The scene where a man is being slaughtered by a Fulani herdsman and then Falz walks into the scene and walks over the dead man without turning back reveals Nigerian nonchalant behaviour towards the problems that affects the nation.
Also, there had been a lot of controversies on his use of young girls in hijab dancing one of the most popular dance, ‘Shaku Shaku’. Many Nigerians has viewed such an act as an insult to the Islam religion; a condemnable act.

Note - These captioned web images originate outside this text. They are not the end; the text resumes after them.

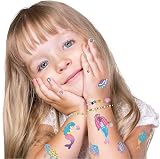 Avenir Unicorn Nail Stickers & Tattoos Set 260+ Kids 3+ Creative view 9
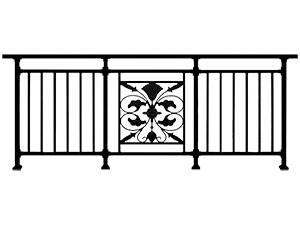 別墅陽(yáng)臺(tái)欄桿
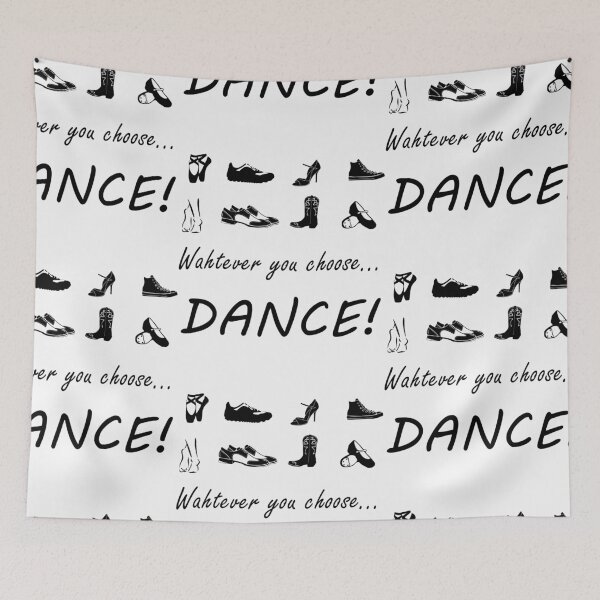 Item preview, Whatever you choose ... Dance - Black designed and sold by 8-COUNT Co. Clothing.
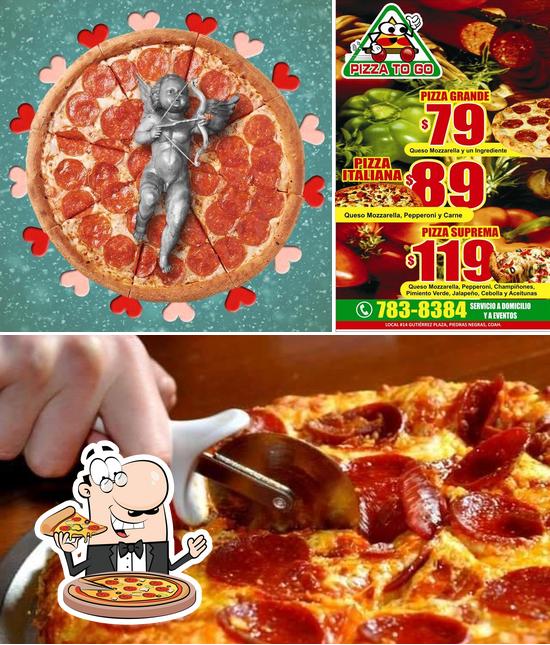 Pizzería PIZZA to GO, Piedras Negras, LIB. Fausto z. Mtz. 2000-14 -  Opiniones del restaurante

The Muslim Rights Concern has also expressed their displeasure as signed by the executive director, Ishaq Akintola who condemned the song for both the Fulani man beheading another man and also the women in hijab dancing ‘shaku shaku’.
Falz The Bahd Guy in an interview on Hello Nigeria said, ‘we are too distracted by entertainment, in general….I think it’s good, but I think we need to pause and take a look at our social space and political space….The terrible state of Nigeria has become so nominalised that people don’t remember that it is irregular. So the irregular has become so regularised now….we need a selfless spirit. Everyone is selfish. It happens in front of us but we decide to look the other way….Those girls were obviously… symbolic to the Chibok girls.
Moving beyond the musical/visual controversies, one would view the video, This is Nigeria as an act of dependency on other people or countries’ ideas and acts. The video which is identical with the popular ‘This is America’s video in form, idea and structure. While ‘This is America’ focuses on just a major issue – terrorism which affects the America country is totally condemned, ‘This is Nigeria’ tries to sum up almost all the major issues within the four minutes video.
Falz The Band Guy, This is Nigeria focuses beyond just one plot such as the Fulani herdsmen’s constant killings, terrorism, vandalism, police harassment, the power of the rich, the Internet fraudsters, no electricity, the irregularities in the church, and IG Idris’ speech on transmission.
Many Nigerians have been criticized on their inability to produce anything scientifically, artistically and technologically which has led to a major setback for her among other countries. In lieu of Falz copying and releasing a video as that of Childish Gambino’s hook, line and sinker in both form and structure, he should have created a better video which would depict Nigerian’s originality and not her always-copy nature.
So, far beyond the visual, cultural and political movement and actions within the video, everyone should try to find where he or she is at fault and create a better version of themselves.